▸ DATA UNDER STUDY
———
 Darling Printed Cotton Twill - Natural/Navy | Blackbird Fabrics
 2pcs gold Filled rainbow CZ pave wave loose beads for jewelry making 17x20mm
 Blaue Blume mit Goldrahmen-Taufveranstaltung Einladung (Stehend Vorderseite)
———
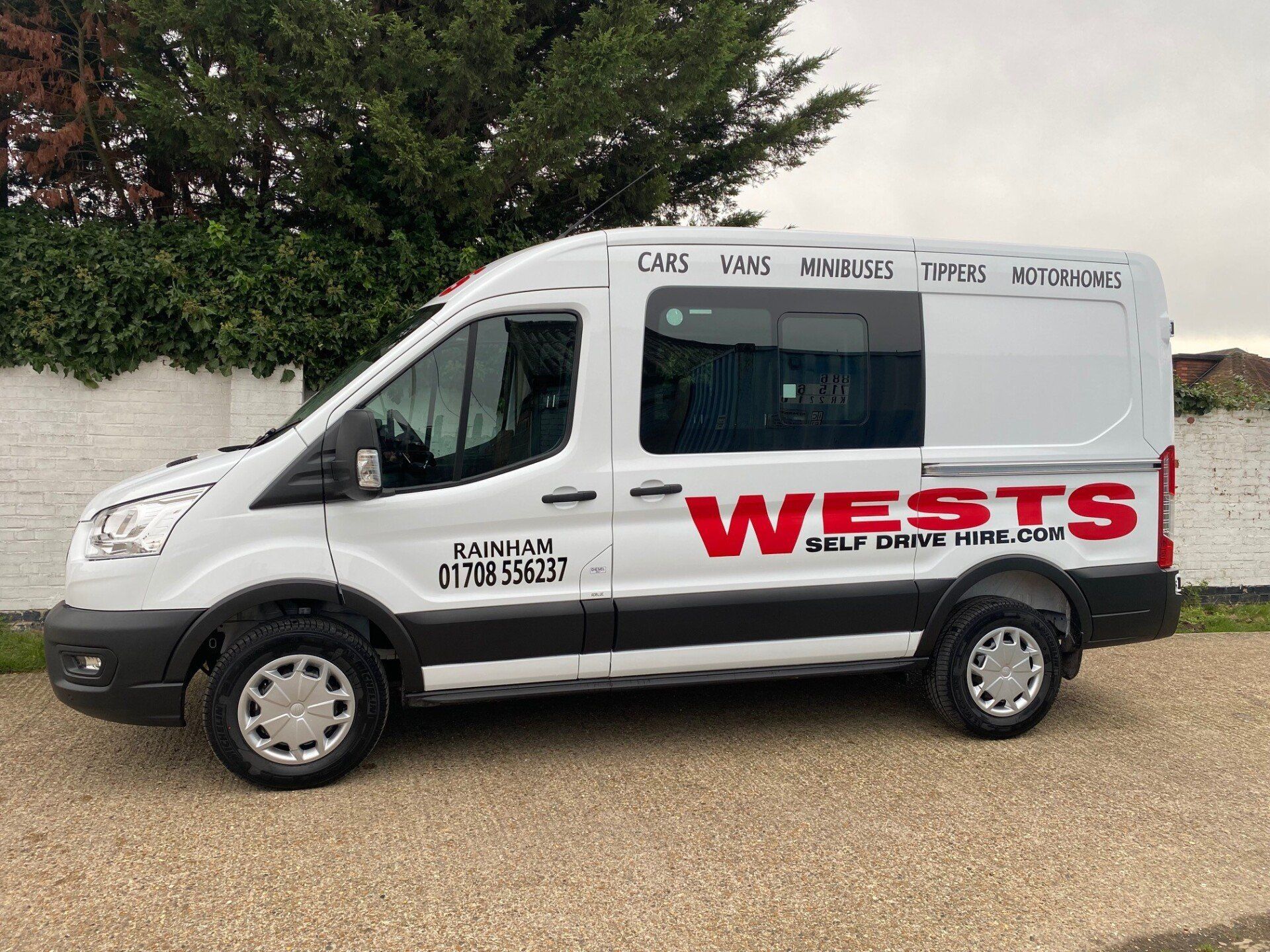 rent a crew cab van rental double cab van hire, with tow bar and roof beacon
———
▸ BRIEF
In the listing above, locate the line containing "2pcs gold Filled" and the line containing "Blaue Blume mit". Extract those two lines and every line between them, exactly as written, and only those.

▸ RESPONSE BELOW
 2pcs gold Filled rainbow CZ pave wave loose beads for jewelry making 17x20mm
 Blaue Blume mit Goldrahmen-Taufveranstaltung Einladung (Stehend Vorderseite)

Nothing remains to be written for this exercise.